Seems like this is one of the dependencies org.apache.axis2:axis2-metadata:jar:1.3 has new version as V1.8.2 https://mvnrepository.com/artifact/org.apache.axis2/axis2-metadata without any security vulnerabilities. I am checking every transitive dependency as well and will be posting here as follow up comments.

[ssvaidyanathan]

Please check your security report and share that. Having to fix one after the other is not going to be feasible. I fixed it as it was marked as Critical.
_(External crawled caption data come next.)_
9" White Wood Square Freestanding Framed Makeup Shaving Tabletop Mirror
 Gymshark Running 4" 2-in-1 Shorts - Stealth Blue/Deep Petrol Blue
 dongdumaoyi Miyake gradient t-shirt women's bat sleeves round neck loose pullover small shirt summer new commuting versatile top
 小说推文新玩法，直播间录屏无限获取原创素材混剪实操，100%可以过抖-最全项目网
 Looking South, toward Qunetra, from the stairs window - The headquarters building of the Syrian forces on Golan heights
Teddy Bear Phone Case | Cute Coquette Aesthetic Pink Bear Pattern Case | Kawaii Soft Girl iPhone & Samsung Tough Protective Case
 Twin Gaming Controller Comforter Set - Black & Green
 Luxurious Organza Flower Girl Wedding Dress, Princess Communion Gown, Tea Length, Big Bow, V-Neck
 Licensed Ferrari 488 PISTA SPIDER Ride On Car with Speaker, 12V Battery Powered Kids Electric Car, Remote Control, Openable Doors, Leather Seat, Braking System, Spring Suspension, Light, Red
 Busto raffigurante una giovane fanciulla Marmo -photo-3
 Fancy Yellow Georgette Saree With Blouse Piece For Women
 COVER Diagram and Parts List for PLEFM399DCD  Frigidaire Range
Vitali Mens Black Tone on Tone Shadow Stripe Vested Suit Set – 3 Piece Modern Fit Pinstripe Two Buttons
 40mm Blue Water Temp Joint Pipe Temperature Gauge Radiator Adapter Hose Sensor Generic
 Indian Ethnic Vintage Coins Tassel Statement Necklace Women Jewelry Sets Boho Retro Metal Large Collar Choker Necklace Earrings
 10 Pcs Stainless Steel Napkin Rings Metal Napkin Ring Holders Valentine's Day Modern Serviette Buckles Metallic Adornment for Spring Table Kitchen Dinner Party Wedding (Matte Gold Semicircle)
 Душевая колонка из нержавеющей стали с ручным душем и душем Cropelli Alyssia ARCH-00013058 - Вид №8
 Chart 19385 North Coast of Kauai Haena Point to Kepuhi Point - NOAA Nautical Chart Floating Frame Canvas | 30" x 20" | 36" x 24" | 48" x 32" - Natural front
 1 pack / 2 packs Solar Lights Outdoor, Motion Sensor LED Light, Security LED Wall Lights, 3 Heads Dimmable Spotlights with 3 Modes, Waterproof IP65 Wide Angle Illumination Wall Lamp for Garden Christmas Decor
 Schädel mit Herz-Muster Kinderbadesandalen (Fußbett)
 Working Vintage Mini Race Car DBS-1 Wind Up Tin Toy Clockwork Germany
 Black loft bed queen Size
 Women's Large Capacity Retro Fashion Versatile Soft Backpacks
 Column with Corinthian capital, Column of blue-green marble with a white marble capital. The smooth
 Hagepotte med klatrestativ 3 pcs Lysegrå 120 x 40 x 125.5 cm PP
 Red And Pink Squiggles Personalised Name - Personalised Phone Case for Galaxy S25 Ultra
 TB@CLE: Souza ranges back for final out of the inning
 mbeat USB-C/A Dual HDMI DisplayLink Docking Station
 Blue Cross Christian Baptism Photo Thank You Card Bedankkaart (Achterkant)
If there are other "high", I can look into them later.

[smita0502]

IQ Server - Quarantined Component Report.pdf Can you please check if you can access the attachment for security report.

[smita0502]

IQ Server - Vulnerability Lookup.pdf

[ssvaidyanathan]

Is that the only vulnerability that needs to be fixed?

[smita0502]

Smitas-MacBook-Pro:apigee-deploy-maven-plugin-apigee-edge-maven-plugin-2.3.2 smitarani$ mvn -f $HOME/.m2/repository/io/apigee/build-tools/enterprise4g/apigee-edge-maven-plugin/$DEPLOY_VERSION/apigee-edge-maven-plugin-$DEPLOY_VERSION.pom dependency:list | grep wstx [INFO] org.codehaus.woodstox:wstx-asl:jar:3.2.1:compile

[smita0502]

I am seeing only this so far during the build and in Sonatype but can't say for sure if it would be the only vulnerability because I don't know if it runs in sequence.